Stardust and eternity – 3.1.1

Stars temperature and colour

When we observe the night sky, we immediately realise that stars do not have the same colour. Most appear white, but some have different hues. This is particularly evident when observing, for example, the distinctive constellation of Orion on clear winter nights: it forms an hourglass-shaped asterism and contains two of the brightest stars in the sky: Rigel, a very hot and massive B-type supergiant star, in the southwest corner, appears bluish-white; Betelgeuse, an M-type supergiant nearing the end of its life, in the north-western corner, appears orange-red. If we consider their effective surface temperatures, the blue Rigel has a temperature of about 11,000 °C, and the red Betelgeuse about 3,200 °C, suggesting a correlation between colour and temperature in stars. By comparison, the Sun – a normal yellow G-type star – has a photospheric temperature of about 5,500 °C. Actually, the colour of a star only tells us about the temperature at its emission surface, as the stellar interior (where thermonuclear reactions take place) is millions of degrees hotter.

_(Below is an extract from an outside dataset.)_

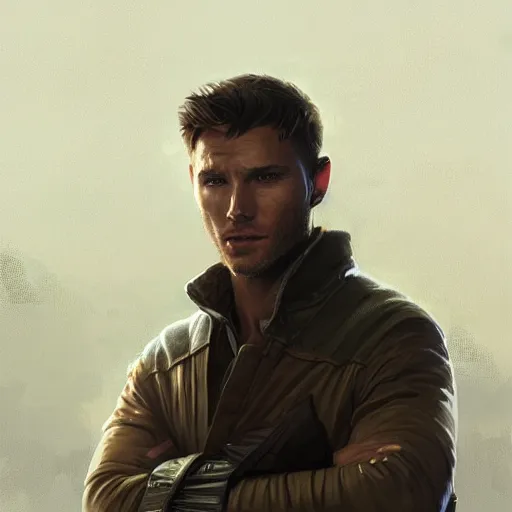 Prompt: portrait of a man by greg rutkowski, jedi knight, he looks like scott eastwood, wearing a flying jacket, star wars expanded universe, he is about 3 0 years old, highly detailed portrait, digital painting, artstation, concept art, smooth, sharp foccus ilustration, artstation hq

The reason behind the correlation between colour and temperature lies in the particular way objects emit their intrinsic electromagnetic radiation. In fact, every object at normal temperature – even if it does not glow – emits infrared radiation. But if we heat the same object, its temperature increases and the peak of the radiation shifts from the redder part of the spectrum towards shorter (bluer) wavelengths. Stars, being giant gaseous spheres, despite their complexity, emit their radiation following a simple theoretical model – just like objects heated on a stove. This model is called “blackbody” radiation. Blackbodies are ideal objects that emit electromagnetic radiation only because of their temperature, regardless of their composition. The intensity of the radiation emitted by such blackbodies at a specific temperature at all wavelengths – the so-called “spectral profile” – takes on a characteristic bell-shape. As temperature increases, the peak of the bell-shaped blackbody profile shifts toward shorter (bluer) wavelengths. Conversely, as temperature decreases, the peak shifts toward longer (redder) wavelengths. This explains why stars, which often come close to having a blackbody spectrum, have different colors according to their temperatures. The spectrum of a star can be measured with an instrument called a “spectrograph”: the wavelength at which the spectrum peaks corresponds to the temperature of the star’s surface.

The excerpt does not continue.